A judge citing the Bible and referring to God dozens of times in a court decision that limits reproductive health care. A nonbinary teenager dead after months of bullying in a state where public officials are advancing anti-LGBTQ+ policies. Public school boards agreeing to hire religious chaplains in place of mental health counsellors. A nationally televised prayer service sponsored by members of Congress, attended by the President of the United States, and held in the seat of American government. 

All these incidents happened recently and within the space of about a month in different locations across the United States. They may seem unrelated, but all serve as potent examples of how white Christian Nationalism is ascendant in the U.S.
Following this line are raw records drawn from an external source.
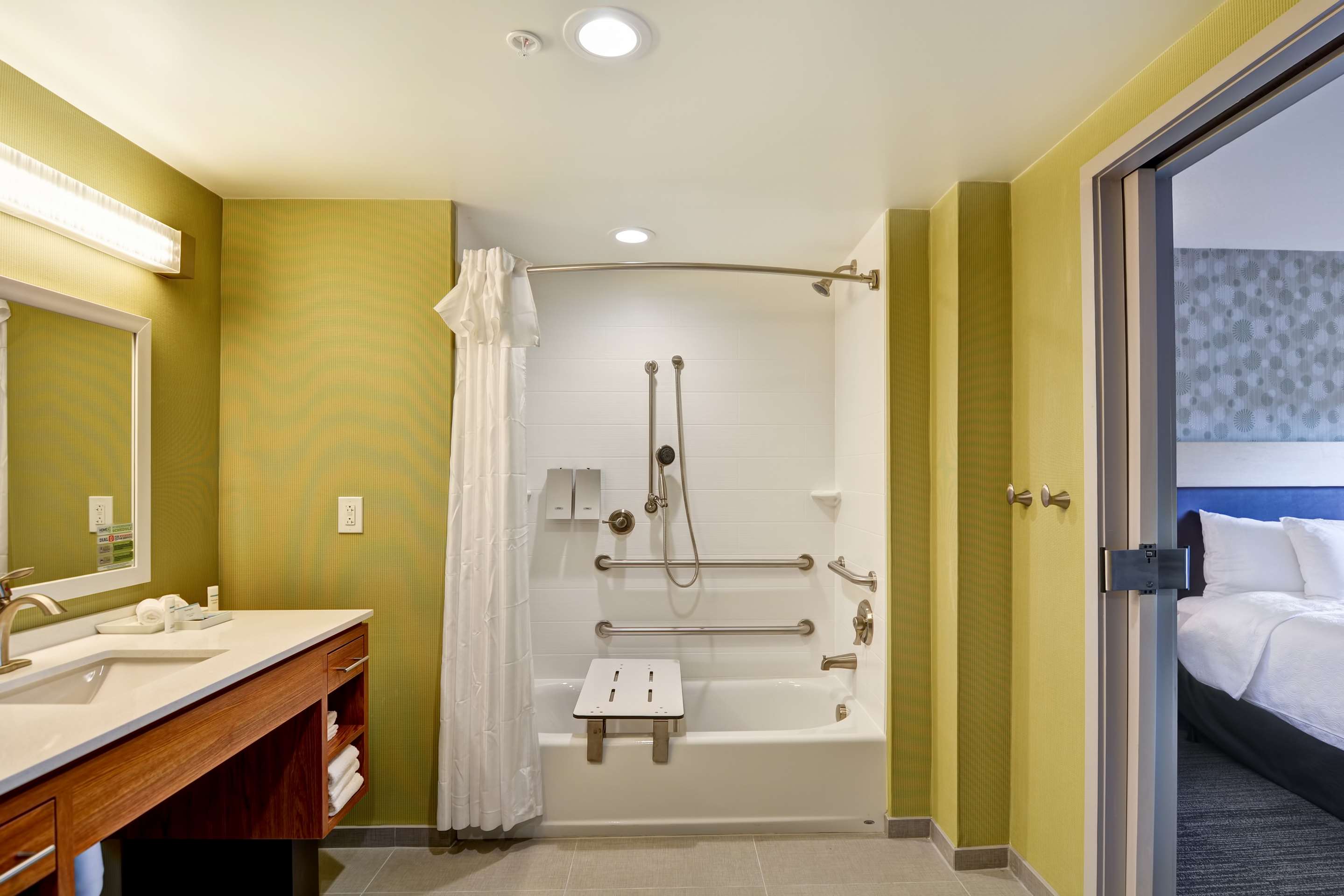 Guest room bath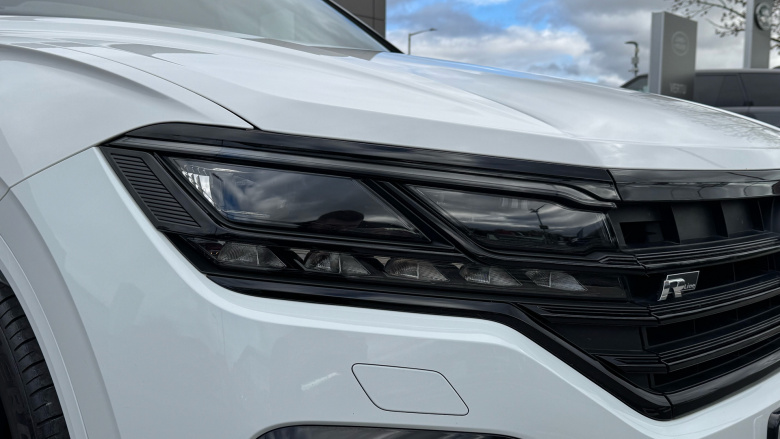 Volkswagen Touareg 3.0 V6 TDI 4Motion Black Edition 5dr Tip Auto Diesel Estate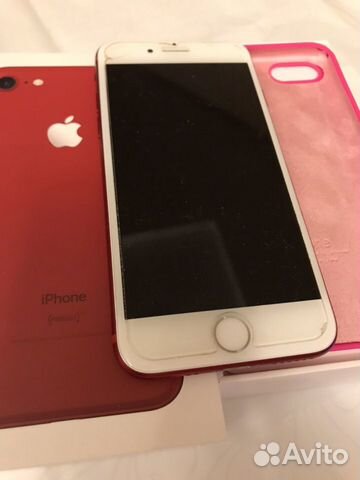 Телефон iPhone 7 red 128gb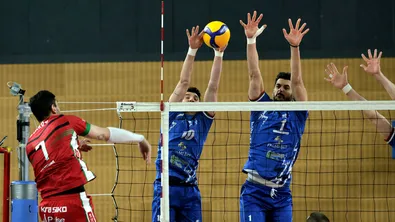 Нефтохимик отложи празненствата на Левски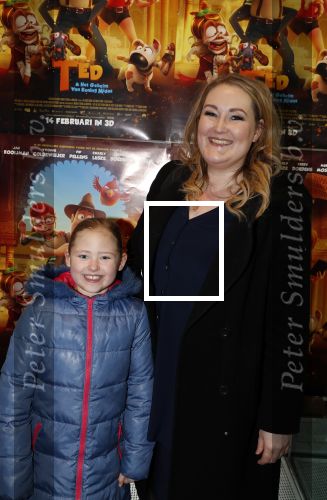 Amsterdam 11 februari 2018
Premiere Ted en het geheim van koning Midas in Pathe arena. Hannelore Zwitserlood met dochter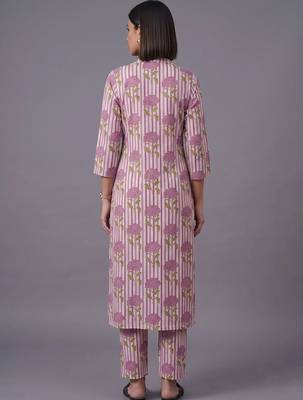 women printed regular kurta with trousers 3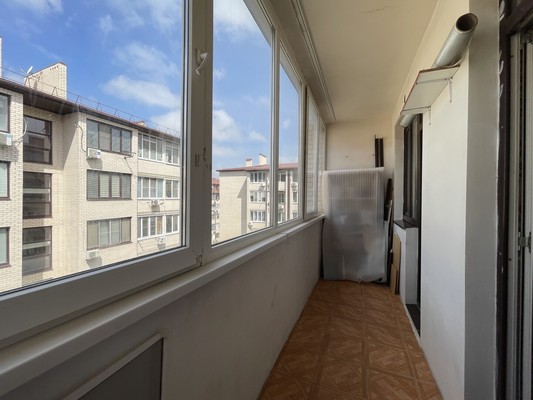 Продам двухкомнатную (2-комн.) квартиру, им. Сергея Есенина ул, 82к4, Краснодар г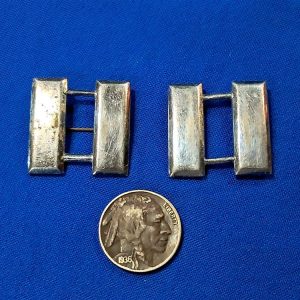 world-war-two-rank-insignia-captin-made-in-brussels-occupation-period-plated-brass-marked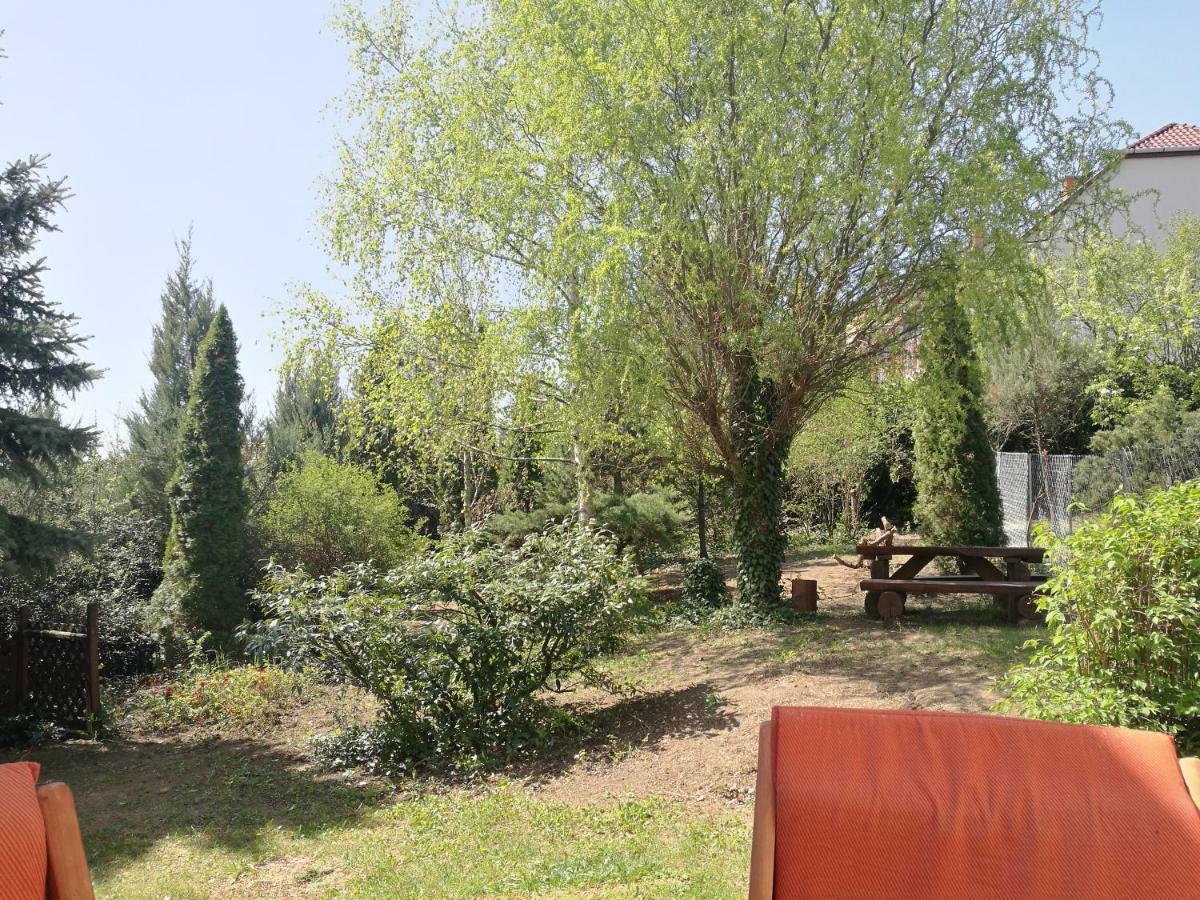 Hella Vendeghaz Hotel Eger Bagian luar foto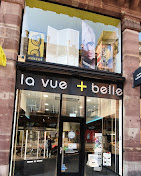 La façade de la boutique La Vue Plus Belle, rue du 22 Novembre à Strasbourg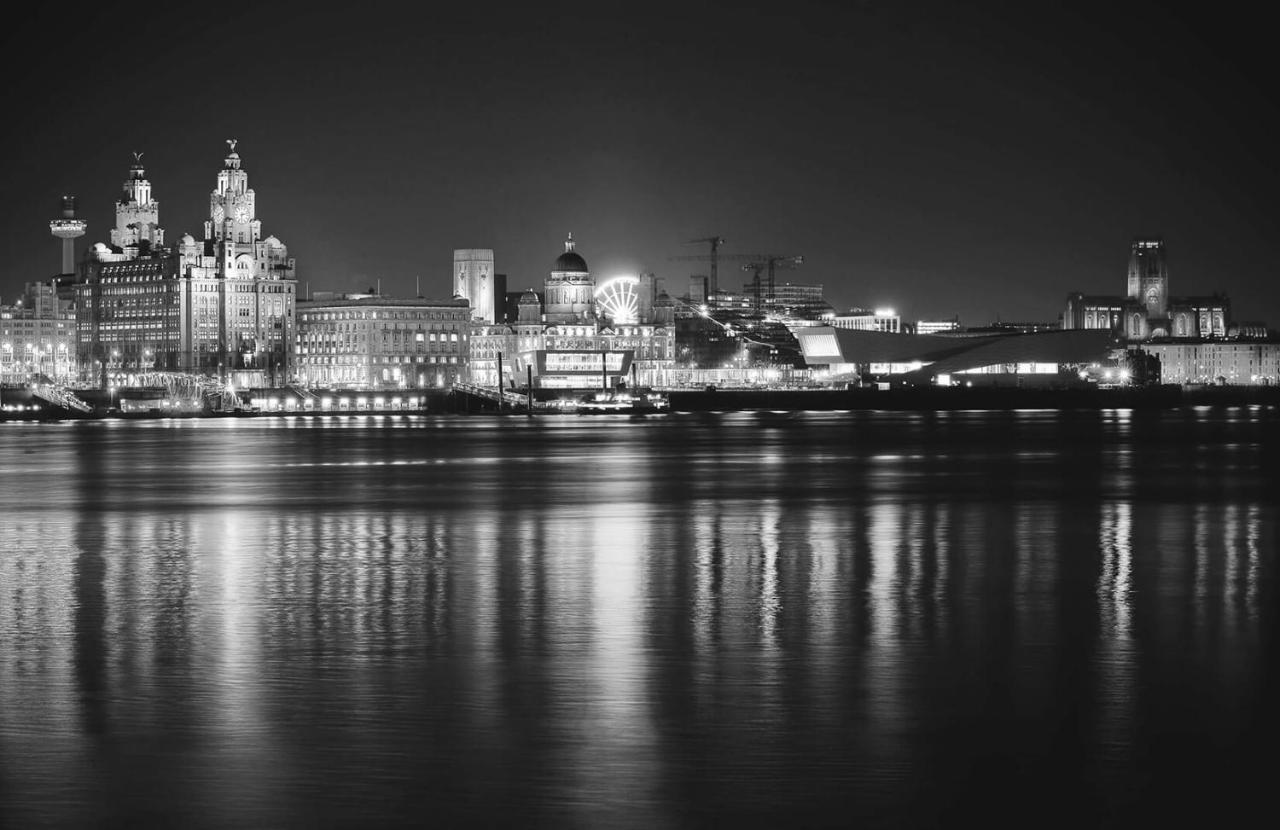 The World Famous Henderson House Free Parking Apartamento Liverpool Exterior foto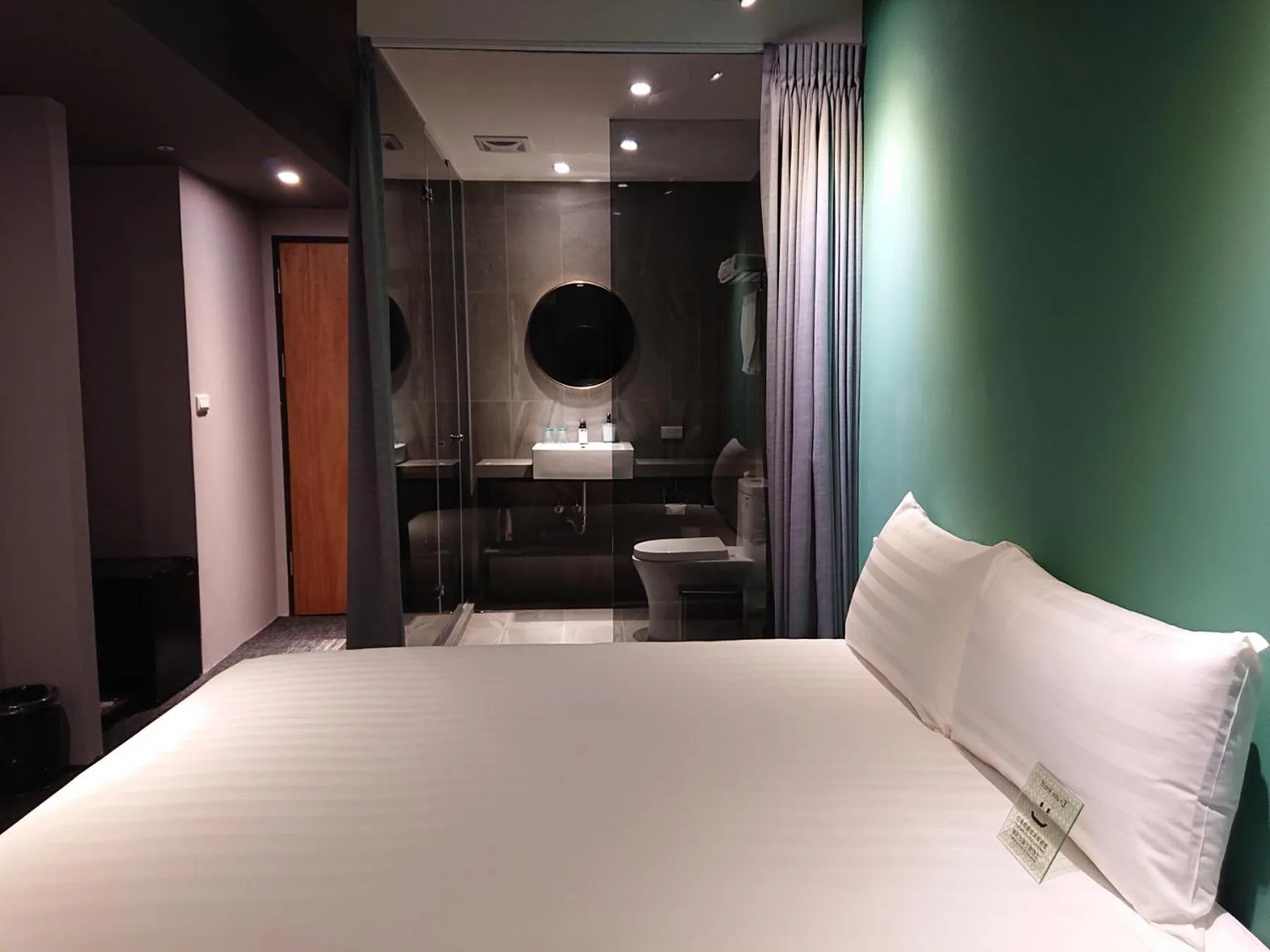 Photo of the whole room, Bed in Cho Hotel 3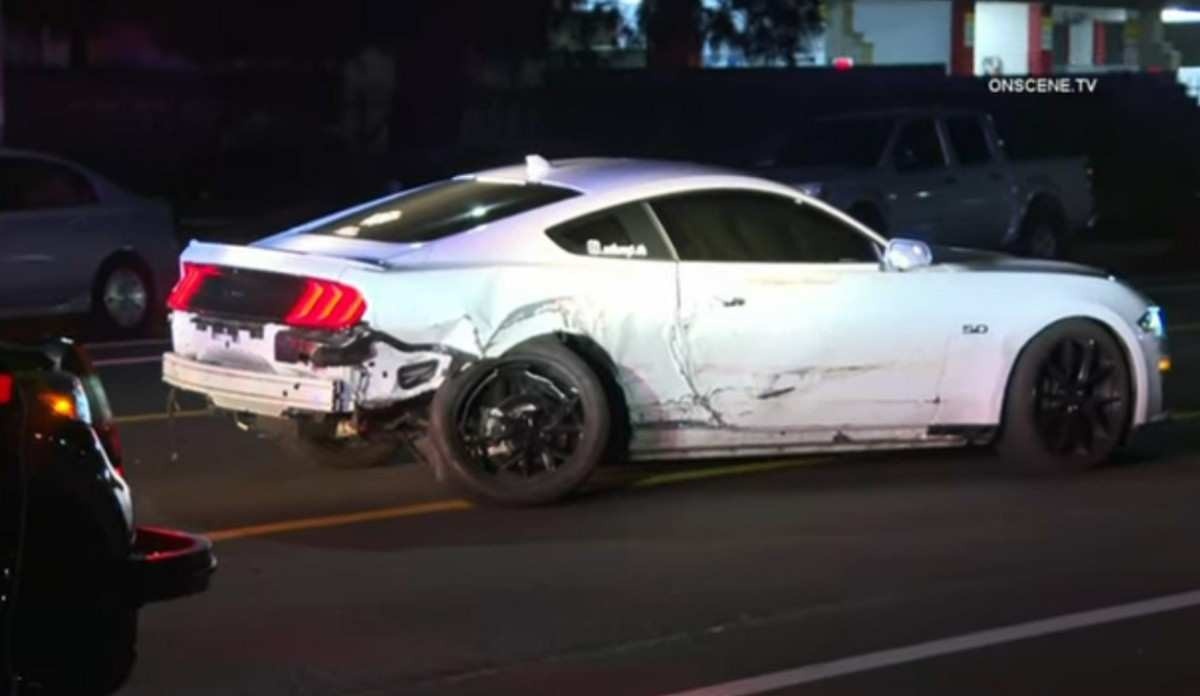 Perseguição policial entre muscle cars - dois Ford Mustang e um Dodge Charger - nos Estados Unidos.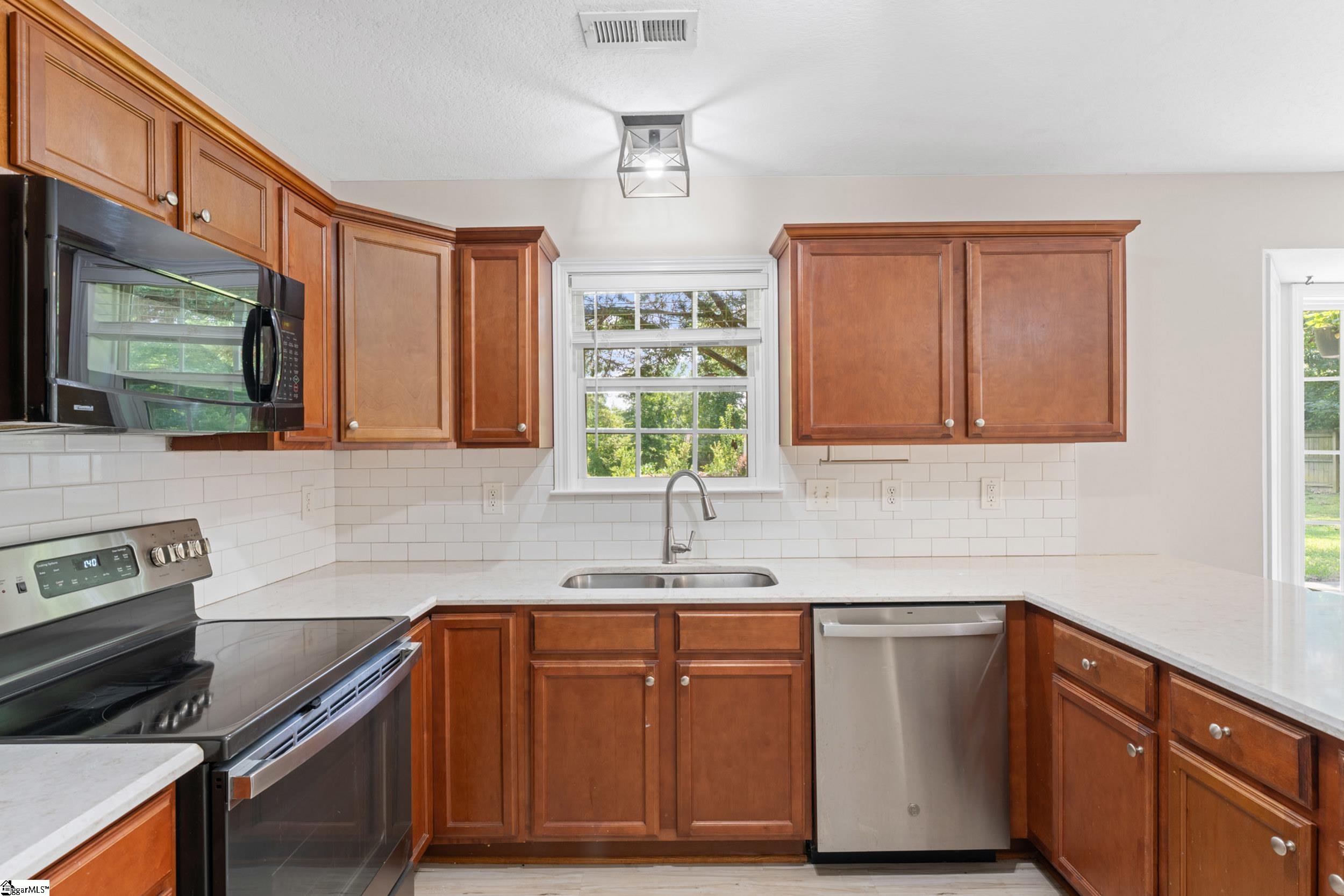 1 Sprouse Farm Way Fountain Inn, SC 29644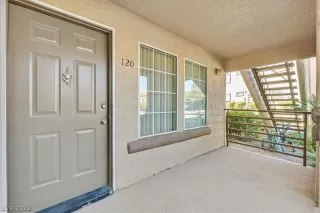 Photo #1: 2451678 Listing 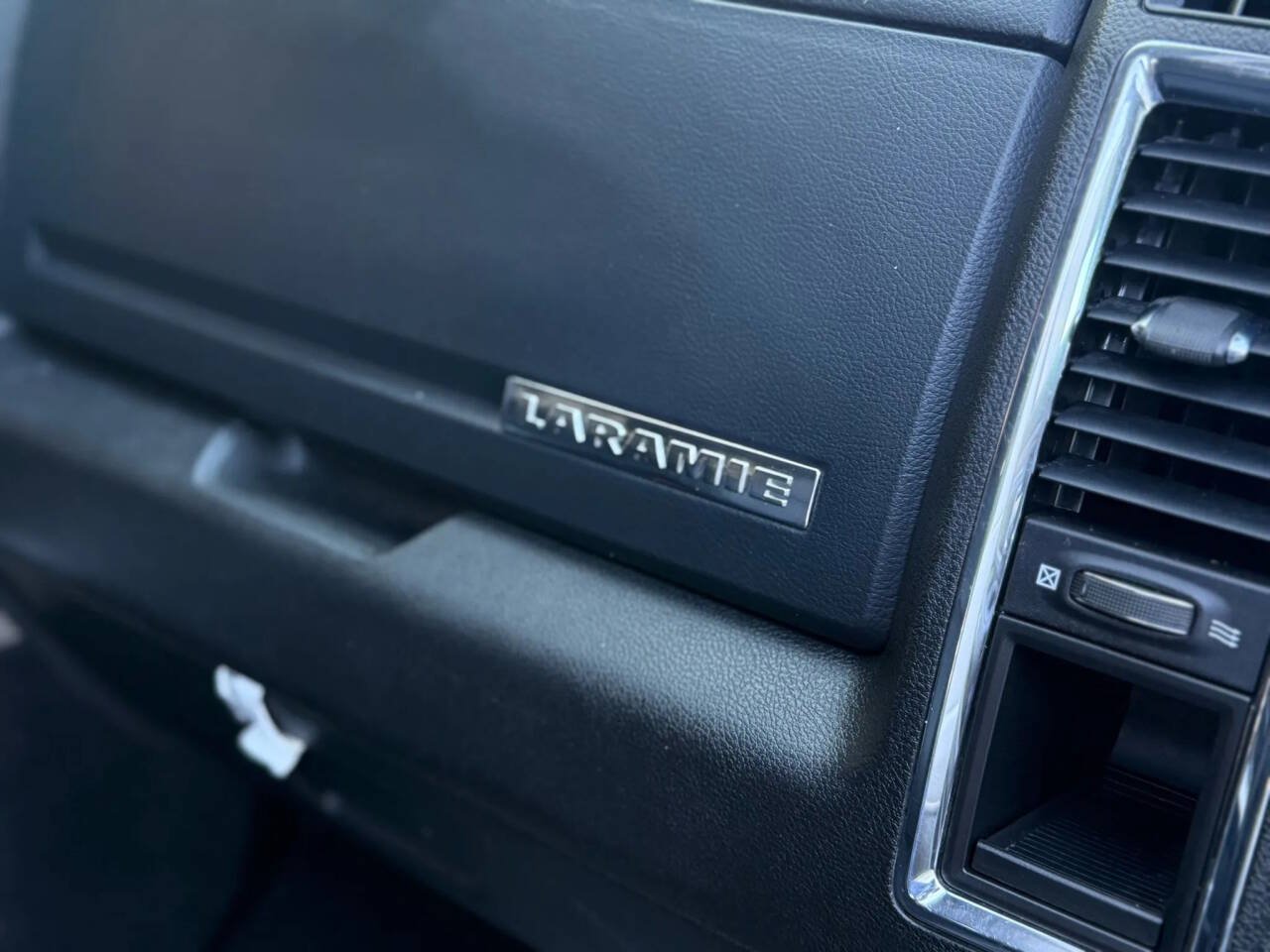 Used 2018 RAM 1500 Laramie w/ Convenience Group AWD/4WD image 22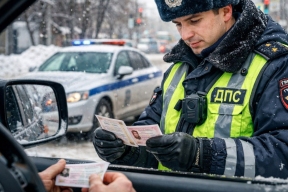 «Бумажные права уходят в прошлое»: эксперт объяснил, почему водителям больше не нужны физические документы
White Christian Nationalism is a political ideology and cultural framework rooted in the dangerous belief that America is—and must remain—a Christian nation founded for its white Christian inhabitants, and that our laws and policies must codify that privilege. Christian Nationalists deny the separation of church and state promised by the U.S. Constitution. They oppose equality for Black and Brown people, women, LGBTQ+ people, religious minorities, and the nonreligious because their goal is to retain traditional power structures and turn back America’s steady progress toward her goal of equality. Through a well-funded shadow network of organizations, allied politicians and judges, and other political power brokers, Christian Nationalists are marshalling the power of the state to impose their beliefs on all Americans.

Take reproductive freedom. In February, the Alabama Supreme Court issued a theology-infused opinion that human life begins at conception and therefore frozen embryos harvested for in vitro fertilization should have the same legal rights as living, breathing children. The court’s chief justice went a step further by writing a 22-page concurring opinion in which he cited the Bible five times and mentioned God or “the creator” nearly 50 times.

It was far from the first time that public officials have cited religion to justify the restriction of reproductive rights. In Missouri, legislators repeatedly voiced their religious beliefs when they passed the state’s current abortion ban; they even wrote religion into the law itself, proclaiming, ‘Almighty God is the author of life.’ My organization, Americans United for Separation of Church and State, along with the National Women’s Law Center, is in court on behalf of 14 clergy from seven different faith denominations challenging Missouri’s ban, which went into effect when the U.S. Supreme Court’s ultra-conservative bloc abolished the nationwide right to abortion in 2022. During the oral argument before the Supreme Court in that case, Justice Sonia Sotomayor called out Mississippi lawmakers’ religious impetus for banning abortion: ‘How is your interest anything but a religious view?’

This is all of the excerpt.